:: Supplied entries

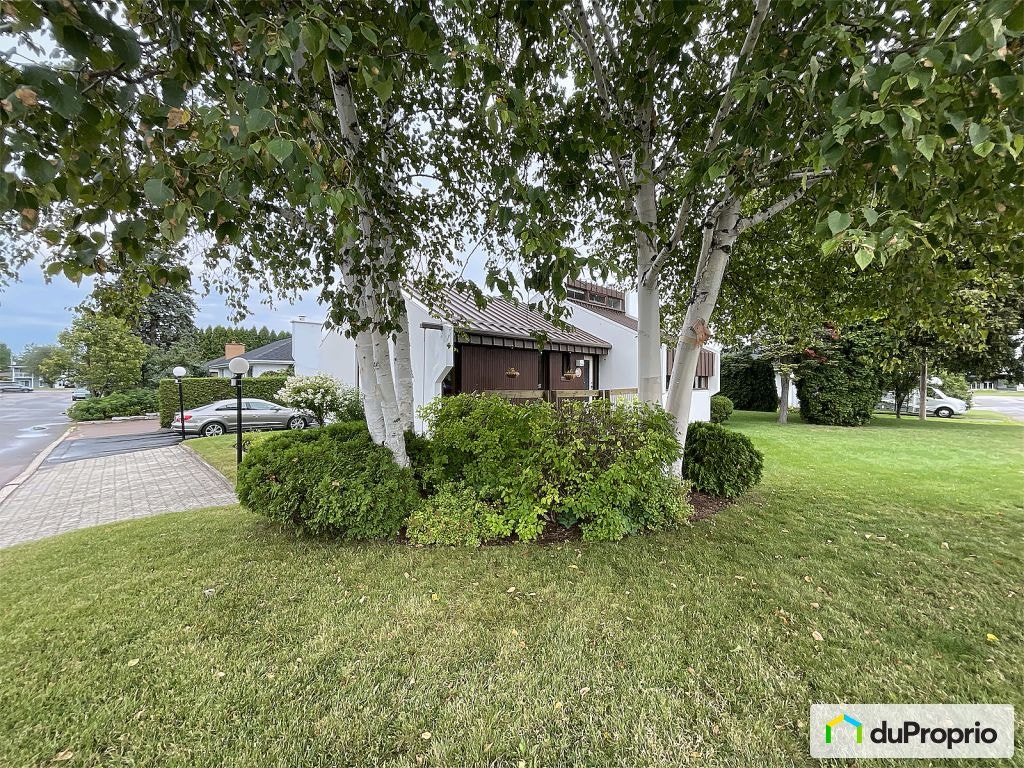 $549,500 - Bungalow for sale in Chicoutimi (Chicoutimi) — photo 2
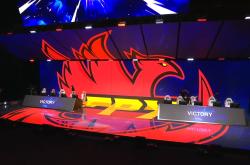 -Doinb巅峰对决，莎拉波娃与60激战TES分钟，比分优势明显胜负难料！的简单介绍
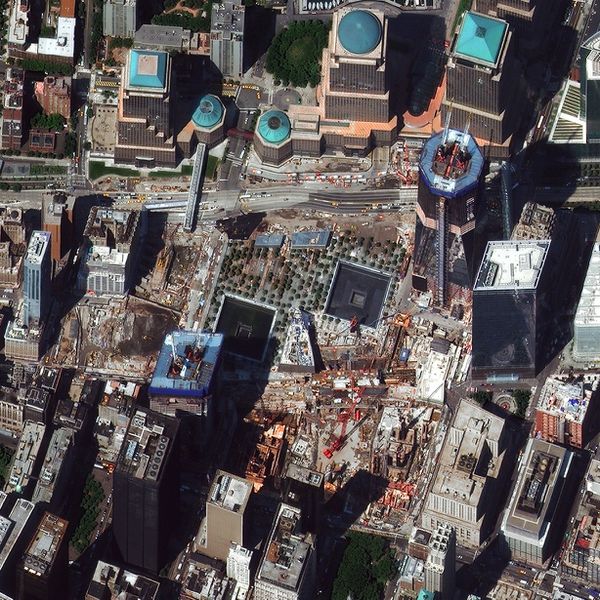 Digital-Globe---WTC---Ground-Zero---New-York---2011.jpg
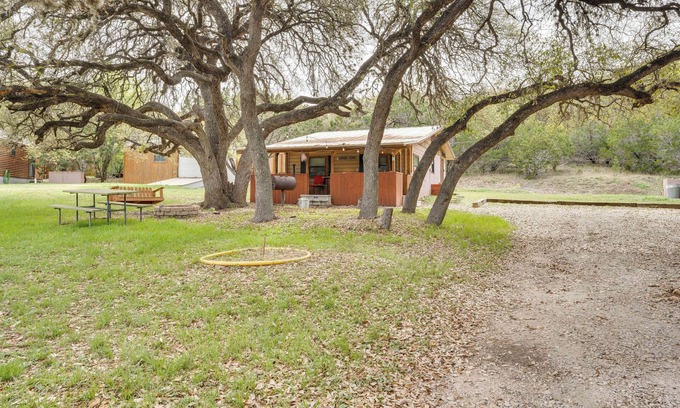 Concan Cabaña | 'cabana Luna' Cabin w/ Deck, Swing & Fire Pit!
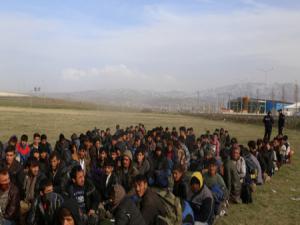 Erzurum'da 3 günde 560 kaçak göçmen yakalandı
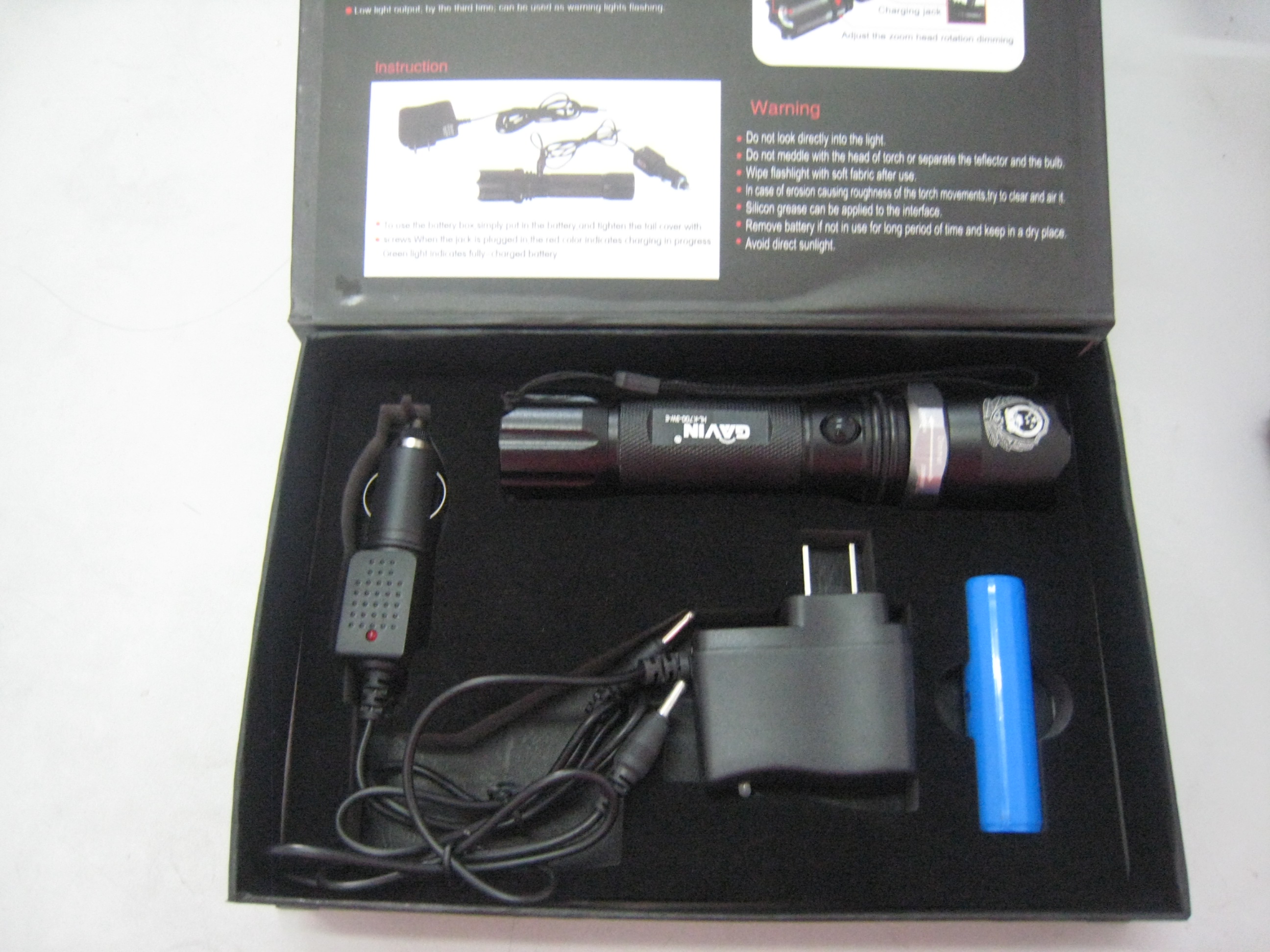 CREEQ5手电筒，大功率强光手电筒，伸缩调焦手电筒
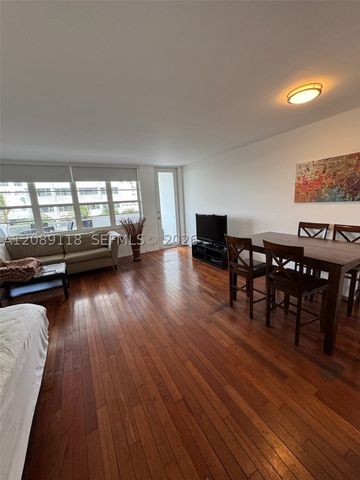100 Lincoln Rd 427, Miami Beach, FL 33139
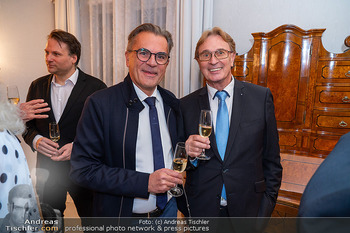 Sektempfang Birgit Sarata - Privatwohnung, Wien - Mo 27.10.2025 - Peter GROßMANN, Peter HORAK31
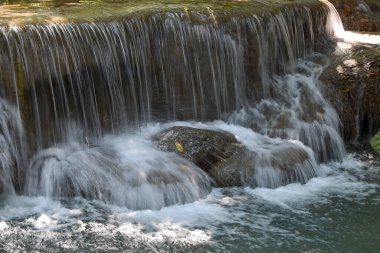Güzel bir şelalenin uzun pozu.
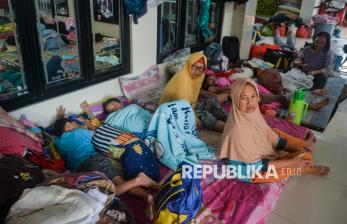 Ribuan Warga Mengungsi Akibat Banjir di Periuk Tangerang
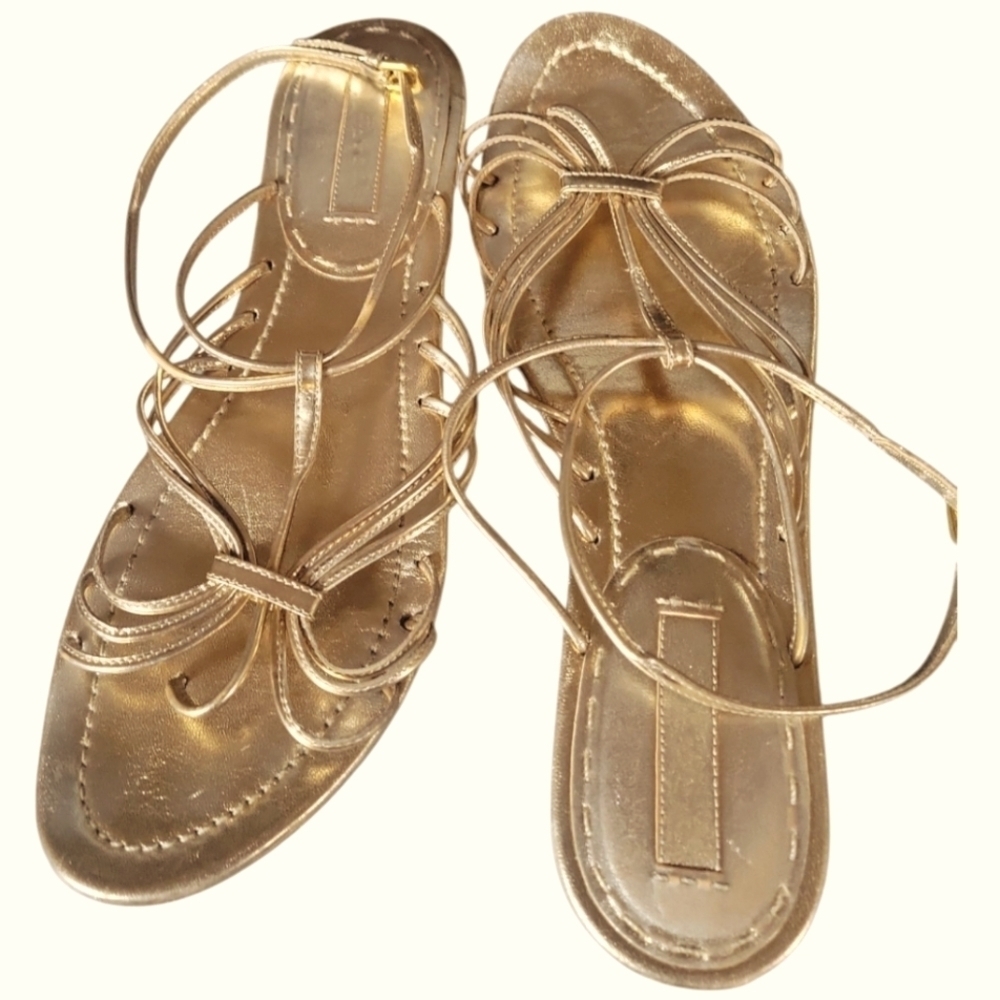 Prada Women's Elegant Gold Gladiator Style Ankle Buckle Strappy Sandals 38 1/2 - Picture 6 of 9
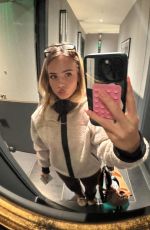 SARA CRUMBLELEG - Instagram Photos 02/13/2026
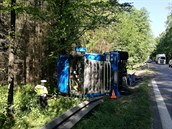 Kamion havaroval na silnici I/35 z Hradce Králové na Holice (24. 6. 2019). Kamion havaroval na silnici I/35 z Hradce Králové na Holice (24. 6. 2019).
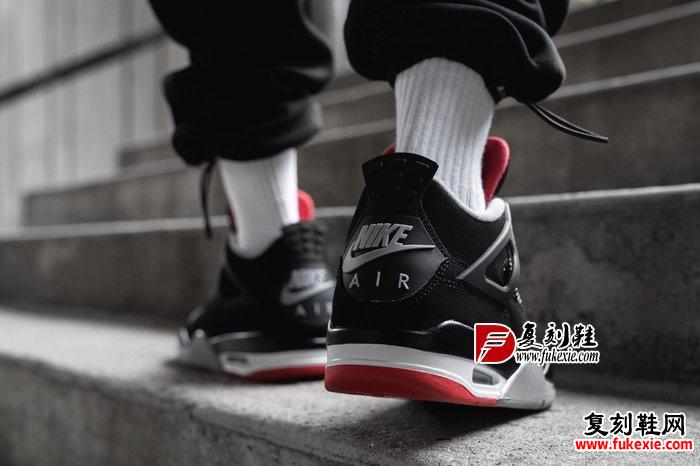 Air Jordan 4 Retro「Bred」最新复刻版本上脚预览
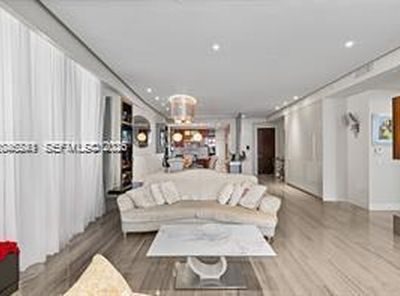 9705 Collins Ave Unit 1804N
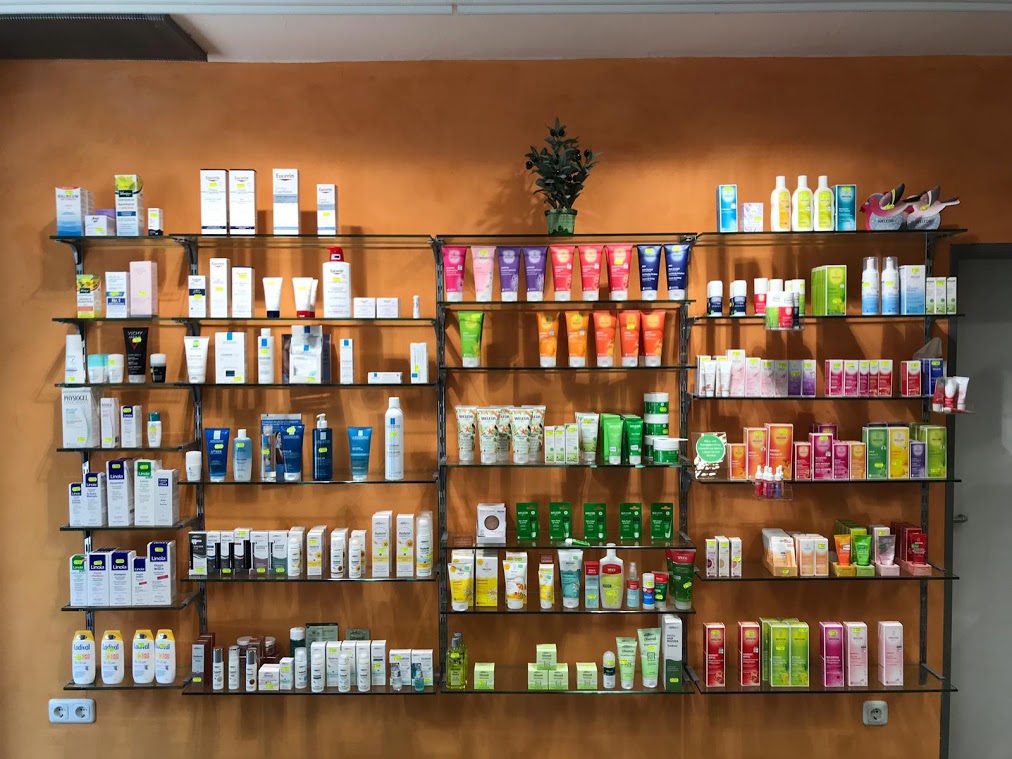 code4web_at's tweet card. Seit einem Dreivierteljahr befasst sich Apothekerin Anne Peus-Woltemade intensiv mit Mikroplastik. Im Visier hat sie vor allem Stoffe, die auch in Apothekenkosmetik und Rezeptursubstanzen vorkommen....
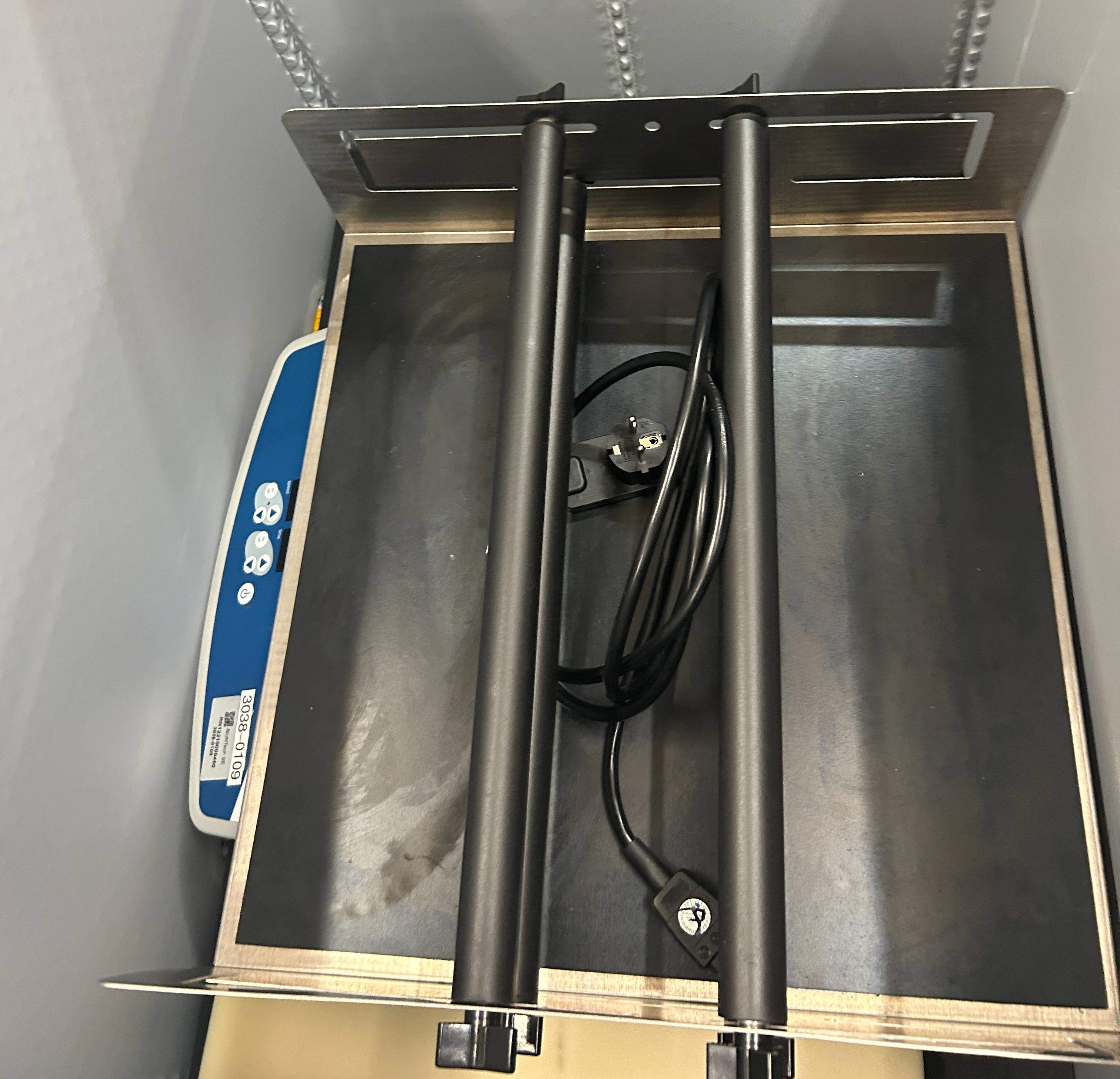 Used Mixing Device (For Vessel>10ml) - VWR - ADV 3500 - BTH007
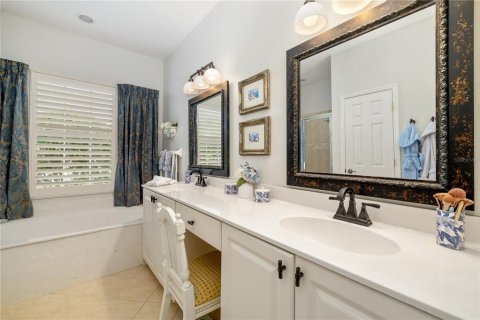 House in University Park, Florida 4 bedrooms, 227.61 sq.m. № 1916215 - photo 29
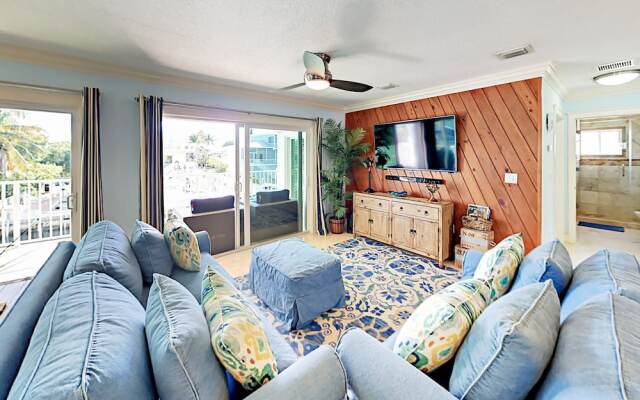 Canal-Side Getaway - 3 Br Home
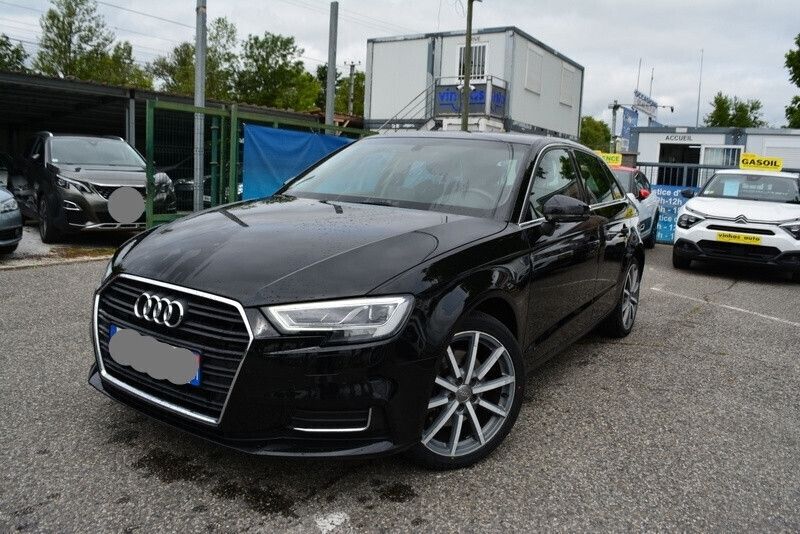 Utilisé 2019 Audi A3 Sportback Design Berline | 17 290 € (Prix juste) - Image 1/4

::::

• _Task to complete_:
What you return must match, line for line, the records from the line containing "Prada Women's Elegant" through their end, with both ends included and no pictures.

• _Task output_:
 Prada Women's Elegant Gold Gladiator Style Ankle Buckle Strappy Sandals 38 1/2 - Picture 6 of 9
 SARA CRUMBLELEG - Instagram Photos 02/13/2026
 Kamion havaroval na silnici I/35 z Hradce Králové na Holice (24. 6. 2019). Kamion havaroval na silnici I/35 z Hradce Králové na Holice (24. 6. 2019).
 Air Jordan 4 Retro「Bred」最新复刻版本上脚预览
 9705 Collins Ave Unit 1804N
 code4web_at's tweet card. Seit einem Dreivierteljahr befasst sich Apothekerin Anne Peus-Woltemade intensiv mit Mikroplastik. Im Visier hat sie vor allem Stoffe, die auch in Apothekenkosmetik und Rezeptursubstanzen vorkommen....
 Used Mixing Device (For Vessel>10ml) - VWR - ADV 3500 - BTH007
 House in University Park, Florida 4 bedrooms, 227.61 sq.m. № 1916215 - photo 29
 Canal-Side Getaway - 3 Br Home
 Utilisé 2019 Audi A3 Sportback Design Berline | 17 290 € (Prix juste) - Image 1/4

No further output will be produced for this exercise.